EXTRACTED MATERIAL |
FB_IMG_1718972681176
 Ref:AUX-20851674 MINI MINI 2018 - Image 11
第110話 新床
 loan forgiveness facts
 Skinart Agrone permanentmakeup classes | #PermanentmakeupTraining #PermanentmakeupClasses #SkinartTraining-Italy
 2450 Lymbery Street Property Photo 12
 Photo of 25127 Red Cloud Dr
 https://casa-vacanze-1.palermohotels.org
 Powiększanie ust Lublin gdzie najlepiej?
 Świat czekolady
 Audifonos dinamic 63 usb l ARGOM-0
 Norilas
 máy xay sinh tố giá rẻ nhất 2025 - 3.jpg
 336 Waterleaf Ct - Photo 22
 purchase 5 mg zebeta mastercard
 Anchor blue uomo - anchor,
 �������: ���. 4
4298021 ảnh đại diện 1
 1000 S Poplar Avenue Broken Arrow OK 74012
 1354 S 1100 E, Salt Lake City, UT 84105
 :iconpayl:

ACTIVITY | Wherever a line in the entries above holds "Photo", copy that line.

YOUR RESPONSE |
 2450 Lymbery Street Property Photo 12
 Photo of 25127 Red Cloud Dr
 336 Waterleaf Ct - Photo 22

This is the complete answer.